Photographs by artist Margalit Mannor. For The Philistines are Coming, Margalit Mannor photographed a series of iron silhouettes created as part of the design for an exhibition on Philistine life at the Corine Maman Ashdod Museum, located in Ashdod, Israel - one of the five seats of government for the ancient Philistine people.
AN EXHIBITION OF PHOTOGRAPHS BY MARGALIT MANNOR
New York, NY - From February 15-May 19, 2004, Yeshiva University Museum at the
Center for Jewish History is pleased to present The Philistines are Coming
(Photopleshet), an exhibition of photographs by artist Margalit Mannor.
For The Philistines are Coming, Margalit Mannor photographed a series of iron
silhouettes created as part of the design for an exhibition on Philistine life
at the Corine Maman Ashdod Museum, located in Ashdod, Israel - one of the five
seats of government for the ancient Philistine people. The silhouettes are
modern imaginings of what an army of iron-girded Philistines might have looked
like, marching out of Ashdod in ancient times. In Biblical stories, the
Philistines-the people of Delilah as well as Goliath-were castigated as boorish
" pagans " and enemies of the Jewish people. Recent archaeology, however,
has revealed that the Philistines, in fact, developed a highly creative culture,
with art of great stature.
Meditating on these contradictions, Mannor has focused on the shadow and light
that embrace the iron warriors. She highlights the ritualized form of the
figures and suggests the movement of their bodies as a way of accentuating the
unending flux of history. By decomposing men of ancient iron into transient
shadows, often zeroing in on the ribbons or laces they wear, Mannor suggests
that strife is an agitation that will pass away. A special quality of this
series is Mannor ' s attention to the palette of ochres and browns, so
congruent with the world of archaeology. While recollecting the coloration of
iron, an ore brought to Canaan by the Philistines, thereby launching the land
into a new epoch of warfare, the tonality also seems wistful and antique.
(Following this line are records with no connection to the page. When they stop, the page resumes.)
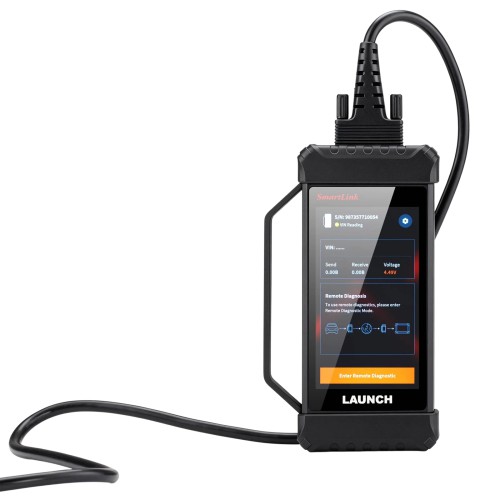 [EU Ship] Launch X431 SmartLink C HD Lite V2 Commercial HD Truck Module for 10 Inch device PRO3S+ V5.0 / X431V+ 5.0 / X431 PRO3 ACE / X431 PRO3 APEX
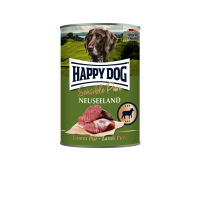 Happy Dog Dose Sensible Pure Neuseeland Lamm 400g
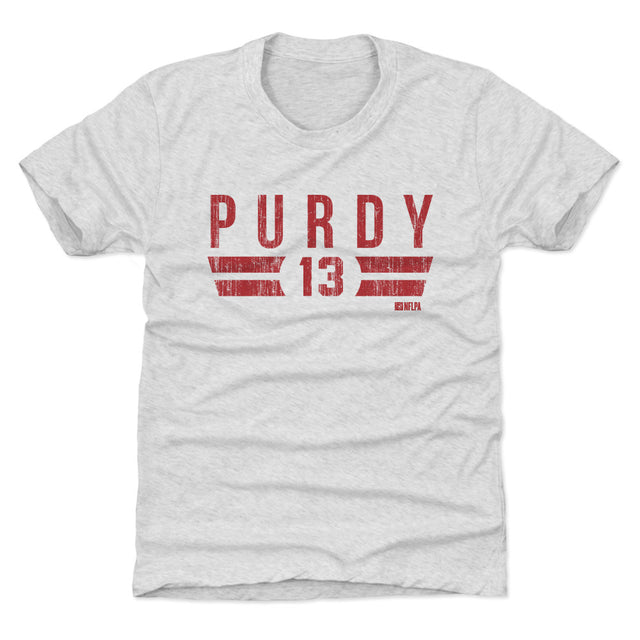 Brock Purdy Kids T-Shirt | 500 LEVEL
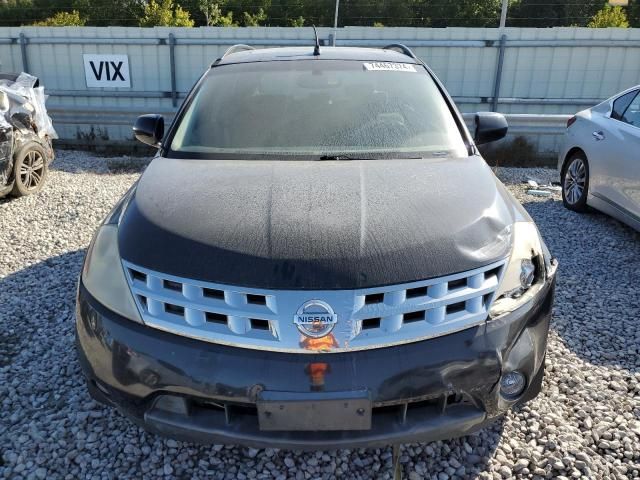 2005 Nissan Murano SL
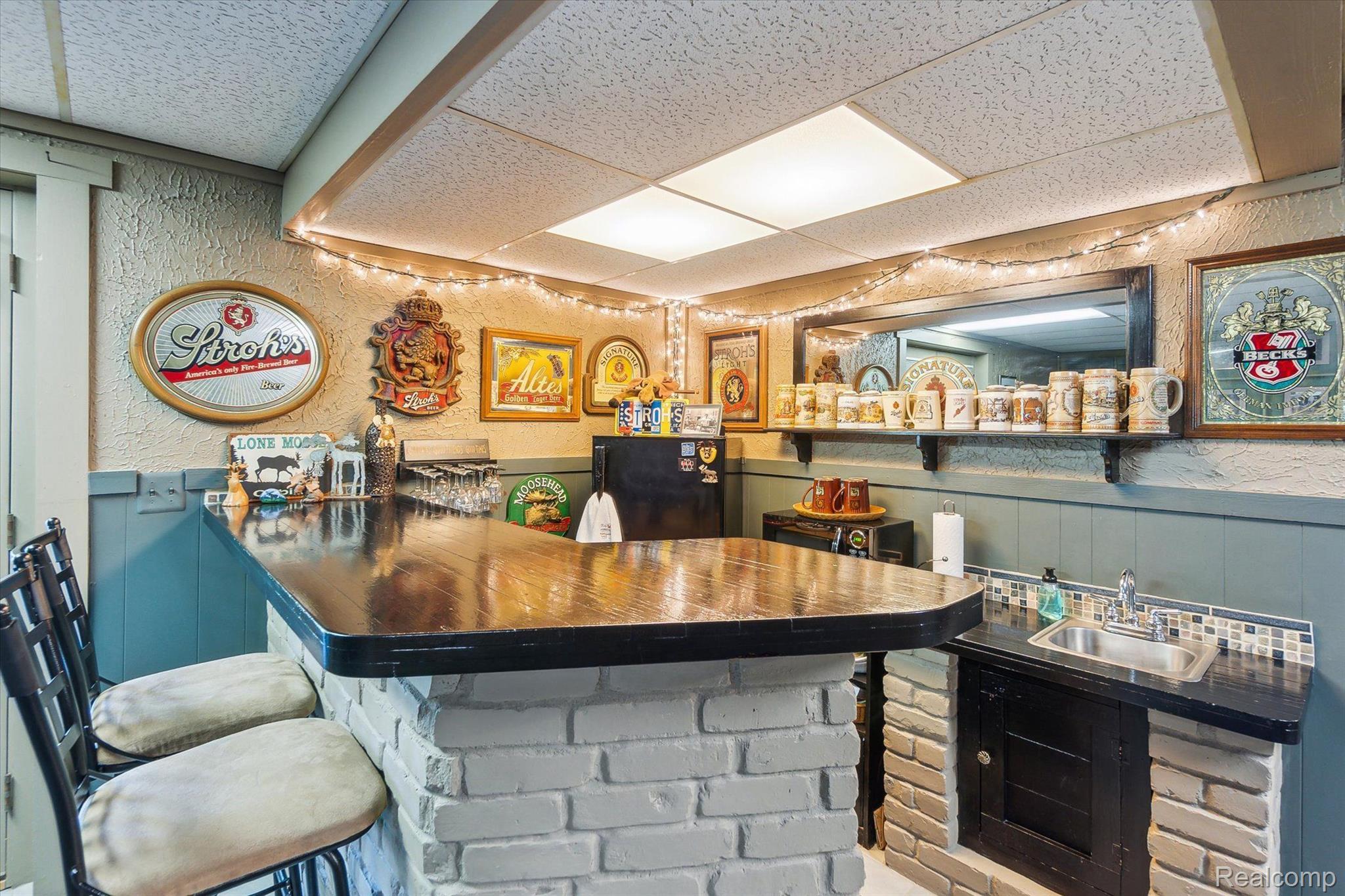 3320 Ludwig Road Oxford, MI 48371 - Photo 22 of 39 Basement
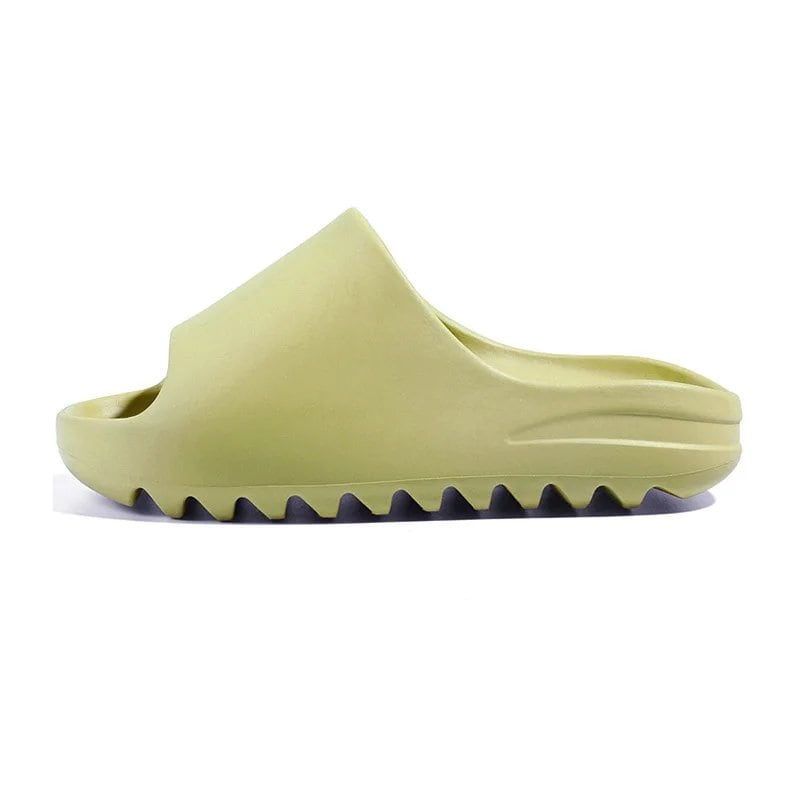 Comwarm Men's Summer Slippers, Soft Sole Home Sandals, Stylish Beach Shoes, Couples' Non-Slip Bathroom Sandals; Ships from: Parallel Import
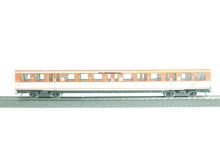 Märklin 4184 Personenrijtuig S-Bahn 2e klasse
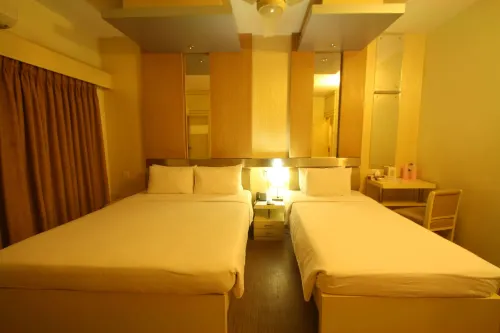 Hotel Ornate Chambres Photos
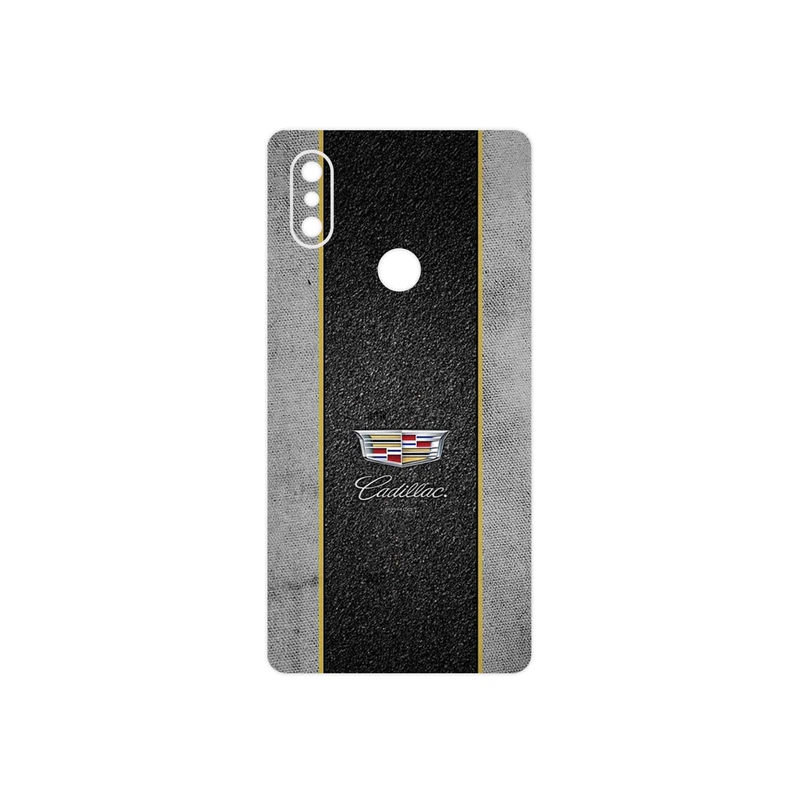 برچسب پوششی ماهوت مدل Cadillac مناسب برای گوشی موبایل شیائومی Mi 8 SE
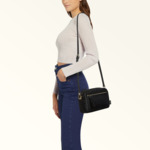 GAIA S CAMERA CASE - TESSUTO NYLON SATIN PADDED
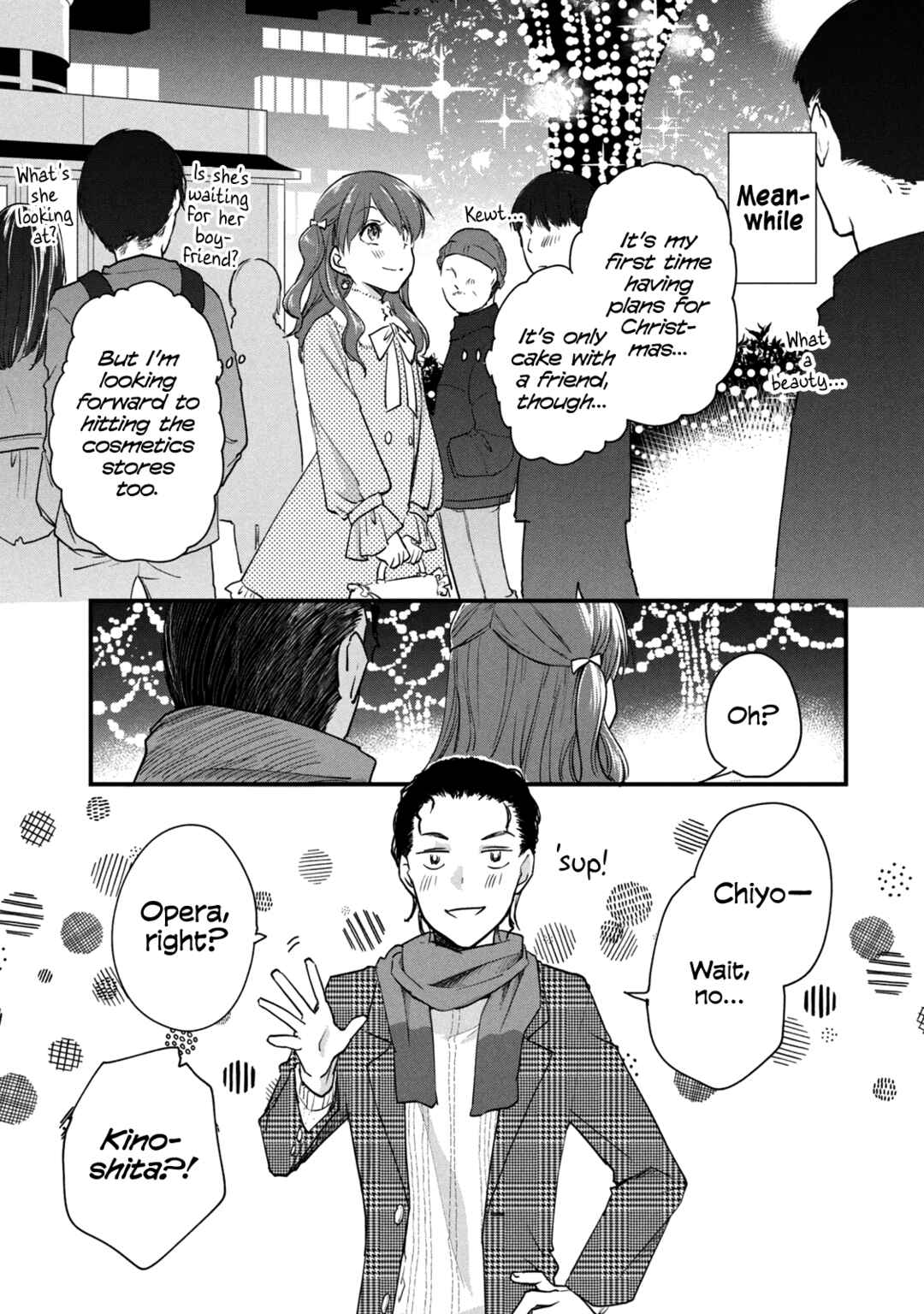 Page 1 Chapter 77 Josou Shite Off-kai ni Sanka Shite mita.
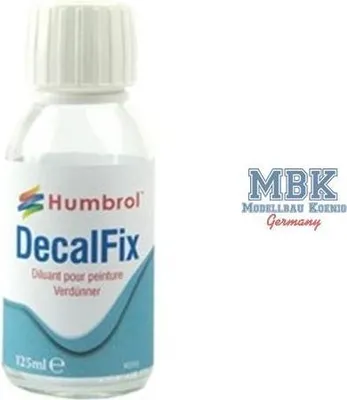 Produktbild von Humbrol DecalFix, Mehrfarbig, 1 Stück(e)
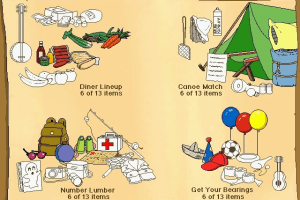 Reader Rabbit's Kindergarten 7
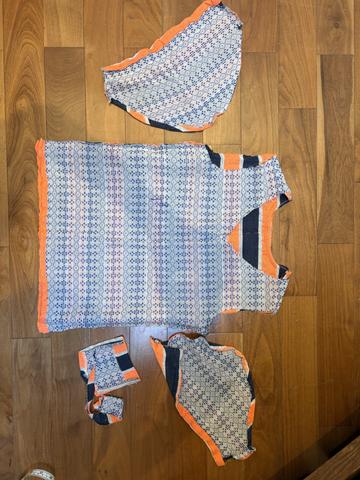 Ace & Jig project blouse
Margalit Mannor has been engaged in a form of " re-photography " for
more than two decades, often dissolving representations of art into the air
around them. While Louise Lawler re-photographed art in its collected contexts,
Mannor often focuses on how the interiors of museums re-contextualize or
otherwise create atmospheres that alter art. In this body of work, Mannor
deconstructs the showier aspects of museum architecture and lighting to
recapture, in shadows, the play of light or subtle details that constitute the
barely audible, highly personal communication established between a viewer and a
work of art. Mannor photographs not objects or spaces, but objects and spaces as
they are immersed in the inquisitive stream of individual sensibility. Mannor
' s art insists on the phenomenological individuality of all perception: each
person alters what he/she sees, establishing a unique relationship with the
experience of art in the immediacy of the moment. In The Philistines Are Coming,
Mannor ironically topples the hegemony of these warriors by claiming for
everyone-the boorish pagan and the artless consumer-an essential humanism that
engenders cultural response even within a context of animosity.
Mannor ' s photographs have been singled out by a number of curators and
writers over the course of her career. In 1995, her work was selected for the
photography prize at the Katonah Museum of Art by Robert Storr (then-curator of
the Department of Painting and Sculpture at the Museum of Modern Art in New
York), for " taking a commonplace shape and presenting it in an imposing and
intense way you haven ' t seen before. "
Born in Tel Aviv, Israel, Margalit Mannor today lives and works both in Israel
and in New York. Her work has been featured in numerous museum exhibitions,
including recent exhibitions at the Israel Museum, the Tel Aviv Museum, the
Haifa Museum, and the Jewish Museum in New York. Mannor has also exhibited her
work at th e Museum of Fine Arts (Houston, TX), The Hebrew Union College Museum
(New York, NY), the Hudson River Museum (Yonkers, NY), and the Kennedy Center
(Washington, D.C.).
Mannor represented Israel in the " Women of the World " project
originating at White Columns, New York, and featured at the International Museum
of Women in 2002. Mannor has also participated in special projects at the Venice
Biennale (2001, 2003). Her work has been acquired by Tel Aviv Museum, Haifa
Museum, the Israel Museum, the Brooklyn Museum of Art, the Museum of the City of
New York, the Jewish Museum, and the British Museum, among others.
Originally organized by Yael Wiesel, curator of the Ashdod Museum, this
exhibition is curated at Yeshiva University Museum by Reba Wulkan, Contemporary
Exhibitions Curator.
General Information
Yeshiva University Museum is located at the Center for Jewish History, 15 West
16th Street (between Fifth and Sixth Avenues), New York City. Gallery exhibition
hours are: Tuesday, Wednesday, Thursday, and Sunday from 11:00 AM to 5:00 PM.
Admission for museum galleries is $6.00 for adults; $4.00 for seniors and
students. Museum members and children 5 and under are admitted free.